__SUPPLIED MATERIAL__.

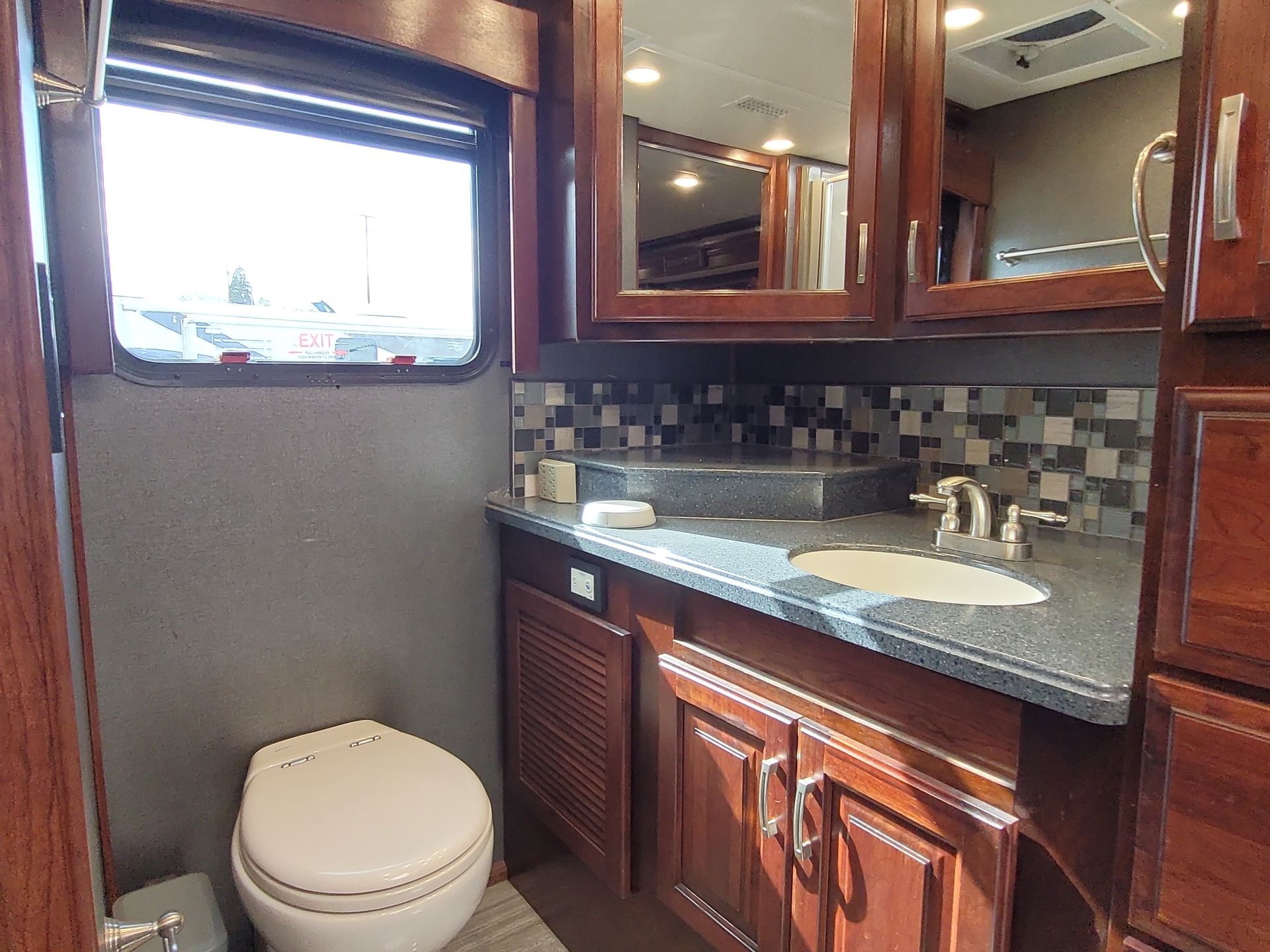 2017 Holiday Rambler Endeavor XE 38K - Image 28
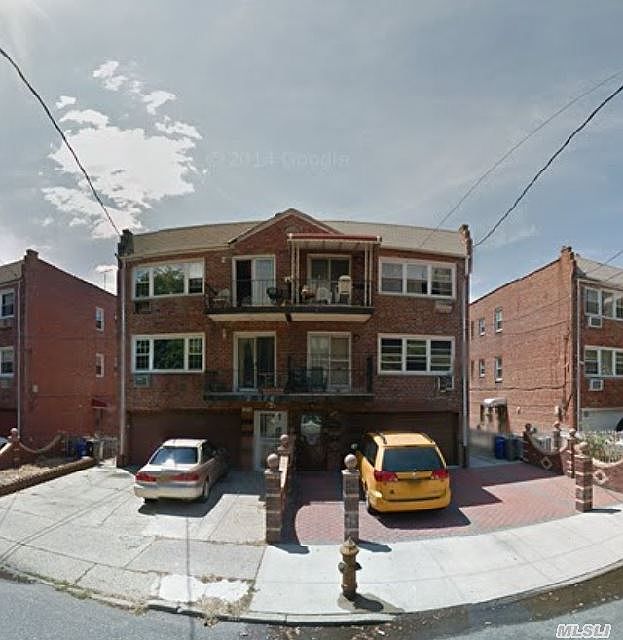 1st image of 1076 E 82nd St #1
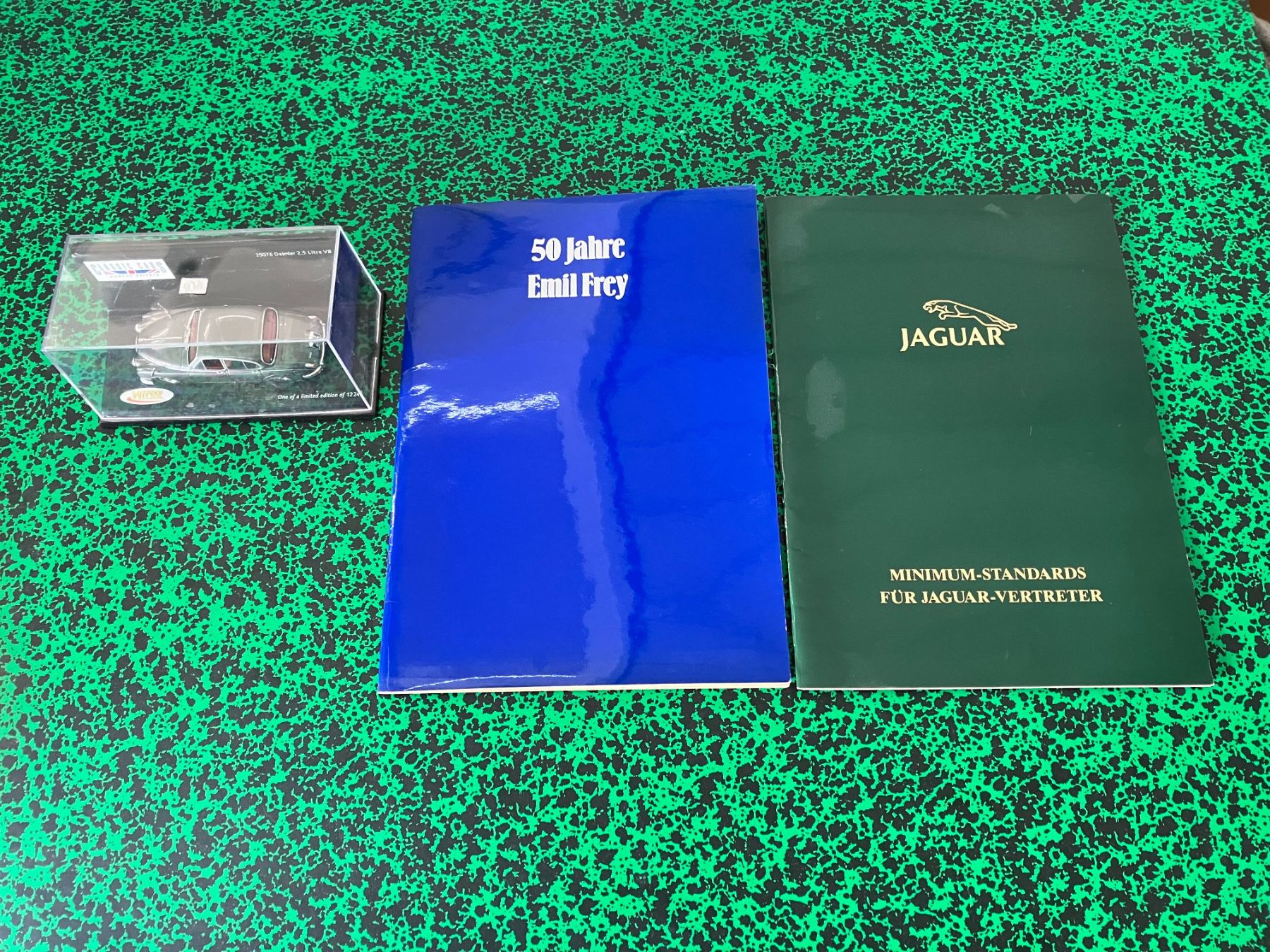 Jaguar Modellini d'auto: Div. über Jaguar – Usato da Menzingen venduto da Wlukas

__EXERCISE PROMPT__. What this calls for is the material above set down exactly, pictures excluded.

__COMPLETED TASK__.
 2017 Holiday Rambler Endeavor XE 38K - Image 28
 1st image of 1076 E 82nd St #1
 Jaguar Modellini d'auto: Div. über Jaguar – Usato da Menzingen venduto da Wlukas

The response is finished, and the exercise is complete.